(La versione originaria di quest’articolo è stata pubblicata su Diritto 24 de Il Sole 24 Ore)

Anche il mero distributore del prodotto brevettato ha legittimazione ad agire in giudizio per la contraffazione del brevetto: così ha deciso la Cassazione con la sentenza n. 15350/2014 pubblicata lo scorso luglio, intervenendo su una questione dibattuta da anni in dottrina e giurisprudenza.

Il titolare di un brevetto concernente un dispositivo medico, il suo licenziatario esclusivo e il distributore del prodotto brevettato avevano congiuntamente introdotto un giudizio per l’accertamento di contraffazione del brevetto e risarcimento dei danni nei confronti di un rivenditore del prodotto in asserita contraffazione, giudizio che era stato in seguito esteso al fabbricante. In grado di appello, entrambe le società convenute erano state dichiarate solidalmente responsabili della contraffazione e condannate al risarcimento dei danni a favore delle attrici.

La fabbricante del prodotto ritenuto in violazione del brevetto aveva proposto ricorso in Cassazione, includendo tra i motivi di ricorso il fatto che la Corte d’Appello avesse riconosciuto anche al mero distributore dei prodotti brevettati la legittimazione ad agire in contraffazione e la qualità di creditore solidale per il risarcimento dei relativi danni.

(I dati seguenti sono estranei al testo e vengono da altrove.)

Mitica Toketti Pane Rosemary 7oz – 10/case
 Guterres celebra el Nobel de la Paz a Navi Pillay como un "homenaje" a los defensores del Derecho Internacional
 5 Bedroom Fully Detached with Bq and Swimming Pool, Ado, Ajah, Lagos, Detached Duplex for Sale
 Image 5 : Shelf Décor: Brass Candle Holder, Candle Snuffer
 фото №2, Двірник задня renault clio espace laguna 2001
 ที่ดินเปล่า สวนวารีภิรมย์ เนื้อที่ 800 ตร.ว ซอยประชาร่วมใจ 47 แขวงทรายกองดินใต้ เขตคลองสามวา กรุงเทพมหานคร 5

La Suprema Corte ha ritenuto il motivo infondato. Essa ha, anzitutto, ricordato la propria costante giurisprudenza circa la legittimazione ad agire in contraffazione del licenziatario con esclusiva, a suo dire costituente applicazione del più generale principio di cui all’art. 100 c.p.c., secondo cui per proporre una domanda o contraddire alla stessa è necessario avervi interesse. Ebbene, per la Cassazione lo stesso principio consente di estendere la legittimazione ad agire anche ad altri soggetti “… che hanno un proprio interesse all’azione in quanto subiscono effetti negativi dall’azione di contraffazione”(rectius, dalla contraffazione, ndr)”, e tra questi il mero distributore.

Tale conclusione, secondo la sentenza, troverebbe inoltre conferma nell’art. 4 della direttiva 2004/48 in tema di rispetto dei diritti di proprietà intellettuale, che attribuisce la legittimazione ad agire in giudizio a tutela dei diritti di proprietà intellettuale, oltre che ai titolari dei diritti, anche “a tutti gli altri soggetti autorizzati a disporre di questi diritti, in particolare ai titolari di licenze …(omissis)”. La Corte, che sottolinea come l’espressione “in particolare” indichi che il caso del licenziatario sia solo esemplificativo, osserva a tale proposito che i distributori, in quanto “necessariamente autorizzati alla distribuzione del prodotto” dal titolare del diritto, rientrerebbero  nella categoria dei soggetti legittimati.

Il ragionamento della Cassazione nell’occasione non è, a parere dello scrivente, immune da critiche. Anzitutto, esso pare confondere i due piani della legittimazione ad agire (che dipende dalla disponibilità del diritto controverso) e dell’interesse ad agire vero e proprio (collegato all’utilità del provvedimento richiesto), che nel nostro ordinamento giuridico sono distinte condizioni dell’azione.

Si direbbero figlie di questo equivoco di fondo le affermazioni che il distributore sia “necessariamente autorizzato” alla distribuzione del prodotto, e che una tale “autorizzazione” sia equiparabile a quella alla disposizione dei diritti. In realtà, da un lato, i diritti di privativa del titolare del brevetto si esauriscono con il primo atto di vendita nella CE o nel SEE: dunque il distributore, ove abbia legittimamente acquistato i prodotti dal titolare stesso o dal licenziatario, non ha bisogno di una qualche “autorizzazione” alla successiva rivendita. Dall’altro lato, esso di solito non ha alcuna disponibilità dei diritti inerenti alla privativa, proprio perché è un mero distributore, ed i suoi diritti sono pertanto limitati a quelli di natura reale sui beni materiali distribuiti e di natura contrattuale derivanti dal contratto di distribuzione.

La sentenza qui commentata, tuttavia, costituisce un precedente giurisprudenziale con cui le corti di merito e i professionisti del settore dovranno misurarsi.